Hoy se nos intenta convencer de que la única forma de acabar con una guerra genocida a la antigua usanza y que lleva más de cien días, es inundar el territorio de Ucrania regalándoles misiles y carros de combate. En La palabra que aparece Díaz Álvarez nos recuerda que al final las guerras no dejan vencedores ni vencidos, solo víctimas. El vencedor, como ocurría en viejas historias y narraciones como La Ilíada, termina también vencido o condenado. Y nadie, a posteriori, puede justificar o encontrar la razón por la que una guerra se origina. Los aqueos y los troyanos al final no recordaban si había sido por la tal Helena, y poco les importaba.
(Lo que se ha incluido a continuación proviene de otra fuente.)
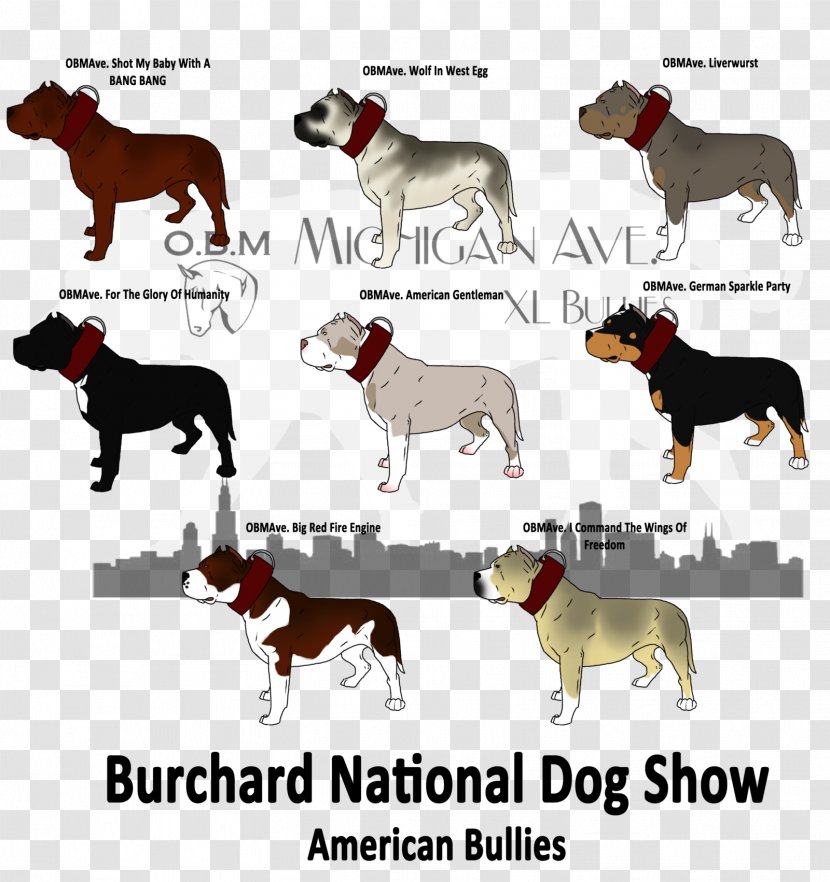 Dog Breed Font - Mammal - Show Transparent PNG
Lo mismo pasará cuando la humanidad del futuro pasee por las grandes avenidas de la reconstrucción ucraniana, donde se alzarán modernos edificios sobre las ruinas de ahora.
La violencia sexual contra las mujeres en la Historia tiene también su capítulo en este libro aleccionador y altamente recomendable. El cuerpo femenino como botín de guerra dejó huella en las mujeres alemanas violadas por los aliados en la Segunda Guerra y también en el holocausto perpetrado bajo la presidencia de Felipe Calderón en México por su ejército, en el que ancianas indígenas fueron violadas y martirizadas por las tropas. Lo que vendría a demostrar que – como afirma la antropóloga y activista feminista Rita Segato- no se puede disociar la violación sexual como una mera satisfacción de un apetito, pasando por alto de que se trata de una lógica de control y dominación física y moral del otro, ya que la lujuria de la soldadesca en las guerras no puede explicarse solo por deseo sino por la intención de ejercer un castigo cruel al vencido. Lo mismo puede decirse de la mayoría de los delitos sexuales, que son producto y consecuencia del machismo y su violencia intrínseca.
Leonard Cohen nos dejó una bella canción que, como tantas otras de su creación es un himno que bebe de fuentes cabalísticas. Y se titula precisamente así, Anthem (himno):
«Las guerras volverán a estallar
La santa paloma
Otra vez cogida
Comprada y vendida
Y comprada de nuevo
La paloma nunca es libre
Toca las campanas que aún puedan sonar
Olvida tu perfecta ofrenda
Hay una grieta en todas las cosas
Así es como la luz entra”
John Donne, en el S. XVII , escribió aquel famoso poema del cual Hemingway sacó el título de su famosa novela sobre la Guerra Civil de España. “No preguntes por quién doblan las campanas, porque doblan por ti”. Las campanas de la guerra están doblando por todos nosotros. Nos corresponde tocar las de la Paz.